Робер с малых лет ощущал неизбывную тяжесть фамильной славы. Его крестили под витражом с изображением подвига братьев-мучеников. В школе его учили афоризмам из «Максим» Франсуа VI. Его отец был кавалером ордена Почетного легиона – высшей воинской награды Франции. От Робера ждали великих свершений, и это бремя омрачало юношеские дни. Теперь в родовом замке хозяйничали немцы, и ему казалось, что лики предков на портретах темнеют от негодования, когда он проходит мимо, и, глядя на него с осуждением, безмолвно вопрошают: как он намерен изгнать захватчиков и вписать свою страницу в историю рода? Отвоевать Францию, которую веками созидала семья де Ларошфуко, – вот что было важно. «Я твердо верил, что… честь велит нам продолжать борьбу», – говорил Робер.

И все же Робером двигало нечто большее, чем просто давление славной истории семьи. И колеся по Парижу, и наезжая домой, он искренне возмущался пораженческими настроениями соотечественников. Он чувствовал себя обманутым. Его жизнь, его безбрежная юность вдруг оказались скованы рамками, которые он не выбирал и с которыми был не готов мириться.

Робера злило и удручало, что почти никто не разделяет его чувств. Он обнаружил, что многие и в Париже, и в Суассоне радовались окончанию войны, даже если это означало, что Франция больше не принадлежит французам. Довоенный пацифизм перерос в послевоенное смирение. Расколотая Франция погрузилась в «интеллектуальную и моральную анестезию», как выразился один чиновник. Дикость какая-то, думал Робер. Ему казалось, что вездесущие немецкие солдаты, запрыгивающие в метро или спокойно попивающие кофе в уличных кафе, уже стали для парижан частью привычного городского пейзажа.

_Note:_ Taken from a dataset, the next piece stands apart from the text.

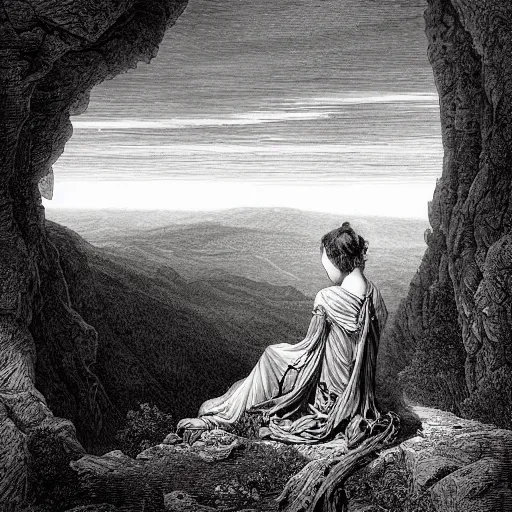 Image similar to A female wanderer looks from a mountaintop, mountains, gorgeous view, velly distant forest, distant city, distant glow, night, moon, dramatic light, Chiaroscuro, long shadows, dark, masterpiece, high detail, detailed, illustration by Paul Gustave Doré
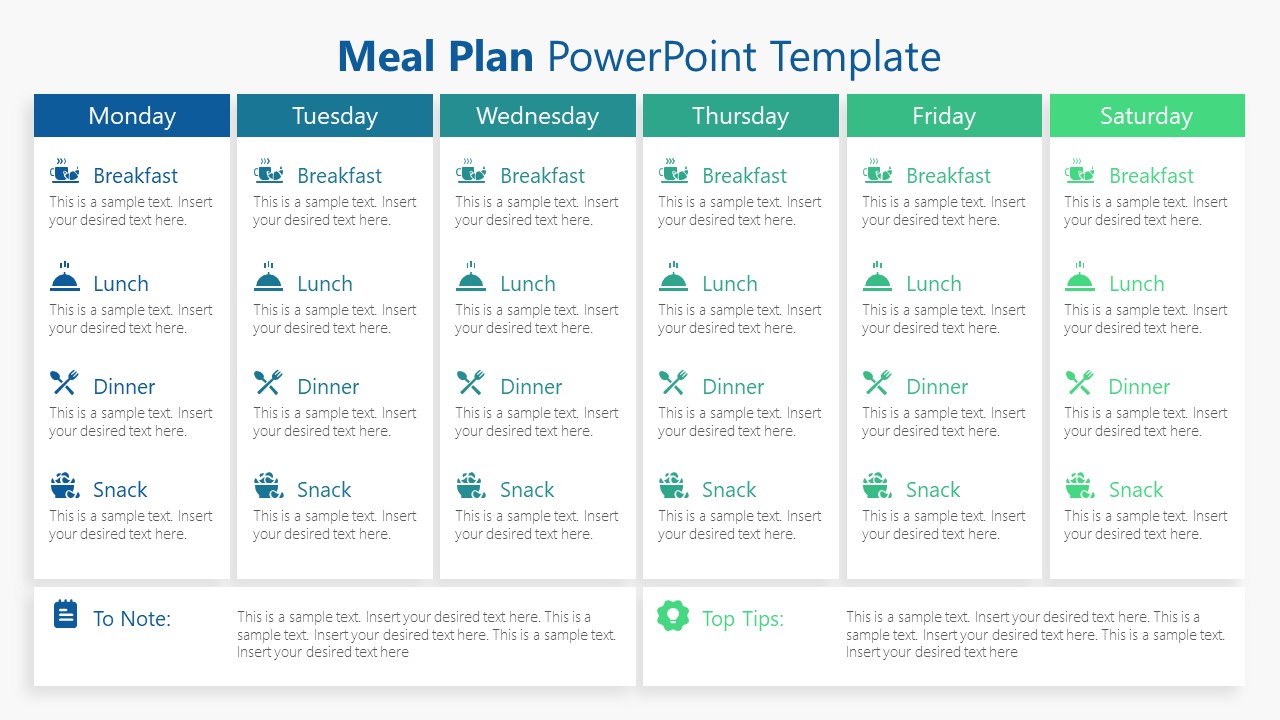 Template of Weekly Meal Plan PPT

Другие тоже это замечали. Философ Жан-Поль Сартр писал, что для подавляющего большинства французов ненависть к немцам и обида на них на удивление быстро «приобрели довольно абстрактный оттенок», поскольку «оккупация стала рутинной». В конце концов, немцы были повсюду: они могли спросить дорогу на улице, они обедали в тех же ресторанах. И даже если парижане ненавидели их так же люто, как Робер де Ларошфуко, изрыгая проклятия сквозь зубы, все равно, по утверждению Сартра, «между парижанами и этими солдатами, в сущности так похожими на французов, вскоре установилась некая постыдная, неуловимая солидарность…».

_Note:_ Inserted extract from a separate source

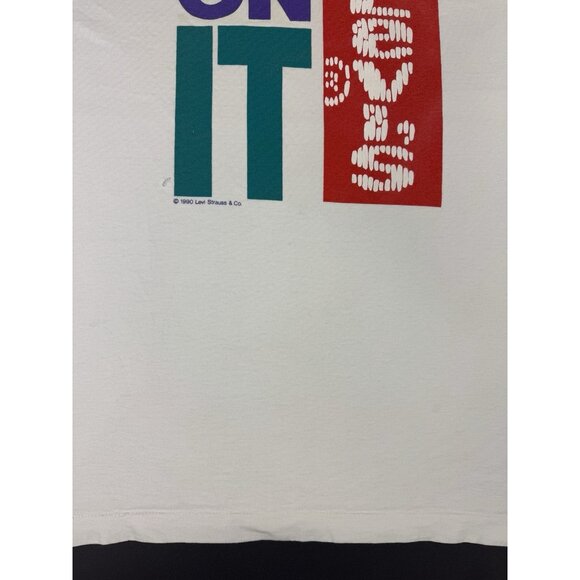 Vintage 1990 Levis Levi Strauss Denim Promo Sit On It White Shirt Rare XL Fit T - Picture 9 of 16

«Образ врага, – продолжал Сартр, – обретает четкость и ясность, лишь когда нас разделяет стена огня». Даже в Вильнёве Робер замечал, с какой легкостью меняется восприятие немцев, обретая некоторую теплоту. Его младшая сестра Йолен приехала из пансиона на каникулы. Она сидела в салоне и слушала, как в соседней комнате немецкий офицер – превосходный пианист – играет на рояле. Йолен не смела улыбаться, боясь, что скажут мать или старший брат, если поймут по выражению ее безмятежного юного личика, что ей нравится игра немца. «А играл он очень, очень хорошо», – признавалась она годы спустя.

Ненавидеть ближнего своего денно и нощно – задача не из легких. Такова была горькая правда 1940 г. Нацисты же делали объятия оккупации еще более соблазнительными – им велели обращаться с французами достойно. Был издан официальный приказ проявлять уважение в обращении с французами. Гитлеру не нужна была еще одна Польша, которую сожгли дотла, а народ частью истребили, частью поработили. Подобная тактика потребовала бы громоздкого бюрократического аппарата, а рейху еще предстояло одолеть Британию. Поэтому каждому немецкому военнослужащему во Франции было приказано вести себя по отношению к местным жителям подчеркнуто вежливо и сдержанно.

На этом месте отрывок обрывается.